Although there is no exact, empirical evidence of this sexual awakening, the role of sexuality has been elevated throughout Georgian society. With a nascent middle class in Tbilisi, more young individuals are able to move outside their parent’s homes, enabling them to invite whomever they want over for whatever purposes. Furthermore, dating apps like Grindr and Tinder have allowed individuals to locate other similar individuals to explore sexually. Most of all, groups like the Equality Movement have continued to work towards challenging the social structures that have sustained oppression.

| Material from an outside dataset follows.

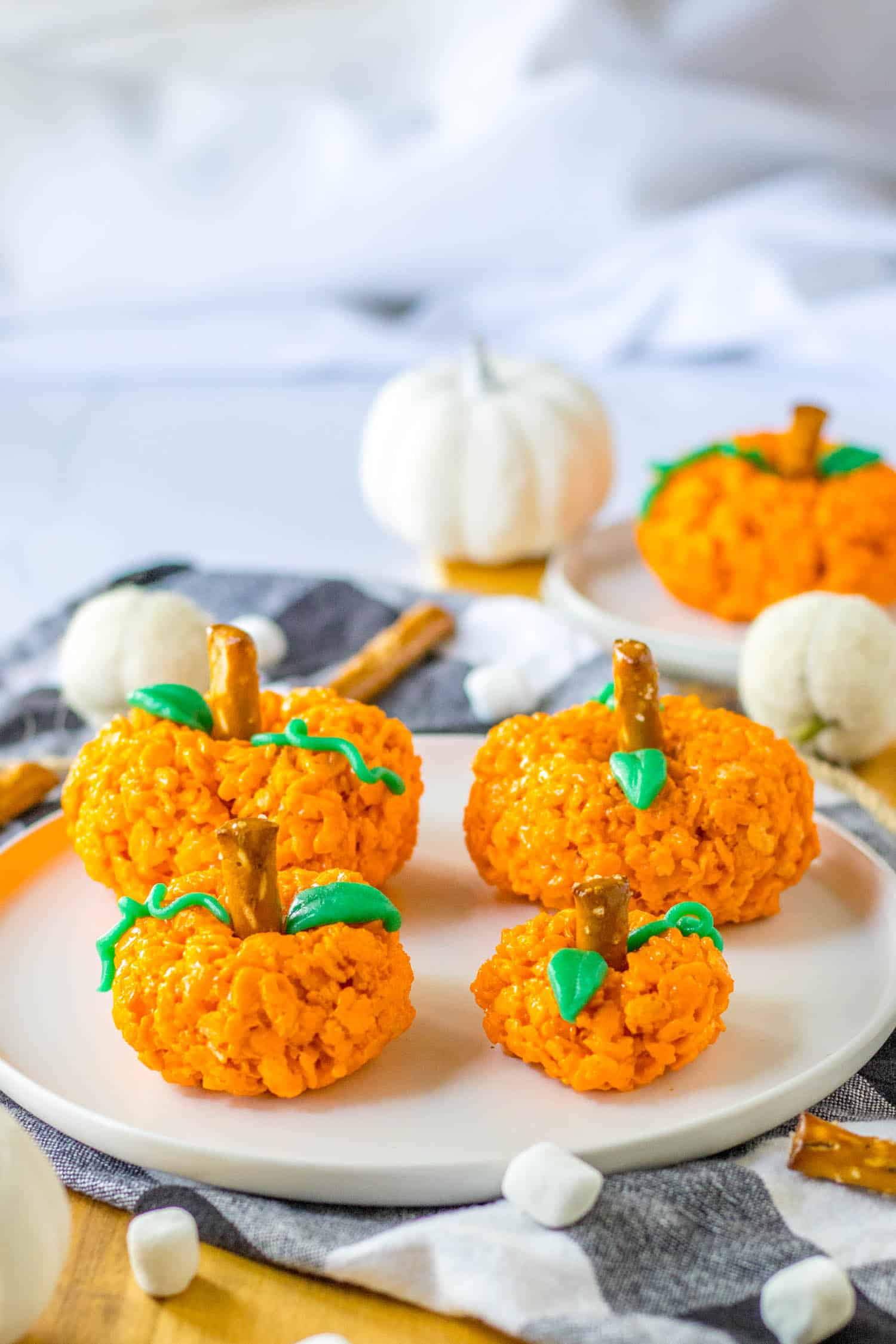 four pumpkins displayed on a white plate.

The walls of these oppressive structures are starting to show cracks.
Thanks to these barriers slowly being removed, sexuality has played an integral role in shaping Tbilisi’s cultural output. Central to Tbilisi’s growing reputation as a countercultural center has been the role of nightclub Bassiani. Receiving massive praise from western media outlets, Bassiani has cemented itself as Tbilisi’s epicenter of culture. The co-founders of Bassiani have been vocal in asserting that the club is a safe space for all sexualities to openly express and celebrate themselves. For the first time, Bassiani has started to host a monthly queer night called HŌRŌOM (meaning “war dance” in Georgian but also a lovely play on words), which was organized by the very people assaulted back in 2013 during the International Day Against Homophobia. This marks not only an open defiance of hatred, but also a show of confidence in the face of those homophobic, bearded men.

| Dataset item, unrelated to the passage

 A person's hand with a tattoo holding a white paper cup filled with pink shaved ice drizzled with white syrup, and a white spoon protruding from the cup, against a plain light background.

Equally, in a fashion scene gathering increased momentum, sexuality permeates throughout different Georgian designers’ work. With the heavy emphasis upon black leather material and provocative cuts, designers, specifically like Situtationist have never shied away from evoking sexual expression. George Keburia has looked to evoke sexual politics with pieces displaying the word “GAY” printed above machine guns. What is evident in every major Georgian culture success story lately has been a challenge to oppressive sexuality and a new confidence to approaching it.
Capturing this shift in sexuality in Tbilisi has been photographer Omara Gogichaishvili. Gogichaishvili has been a long stalwart of the Tbilisi counterculture, regularly frequenting Canudos, which was perhaps the most important bar in shaping Georgia’s current generation and captivating the western press’s imagination. He currently does the lighting at Bassiani, where he also does a lot of his photography work.

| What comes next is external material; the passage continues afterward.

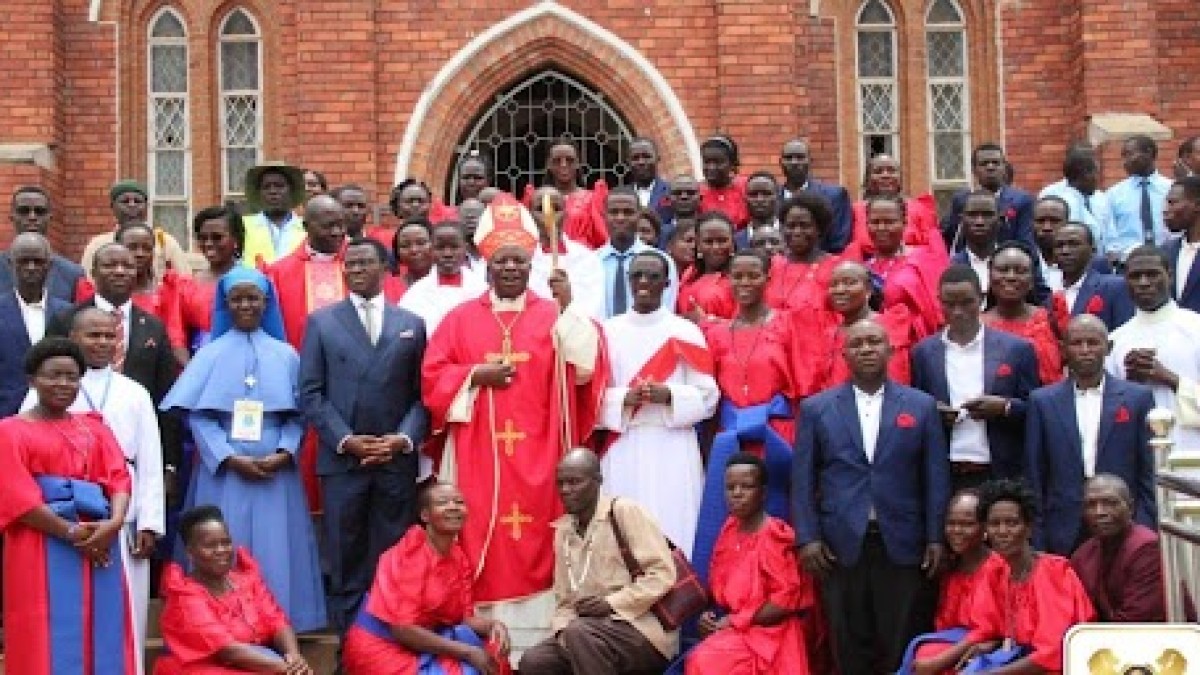 After the Mass, Katikkiro poses for a group photo with Bishop Jjumba After the Mass, Katikkiro poses for a group photo with Bishop Jjumba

At the heart of Gogichaishvili’s work is showcasing a Tbilisi that is sexually fluent, curious, and confident. He locates those spaces in clubs, apartments, and bars where sexuality is exercised to its fullest. His work does not operate to lament the regular assaults and murder of members of the LGBT community, women, or other sexual minorities. Rather, he looks at how the subjects in his photos celebrate their desires and claim spaces as free from the hatred that was so regularly projected upon them. They are in those spaces to be securely themselves, or at least someone else till the following morning. Their confidence marks the fact that Tbilisi’s trajectory is being dictated by its post-Soviet generation demanding openness. Gogichaishvili’s work notes the limited shelf life of influence and power that conservative forces have. The taboo regarding sexuality is dampening and individuals want to be who they are. More than that, they want to fuck.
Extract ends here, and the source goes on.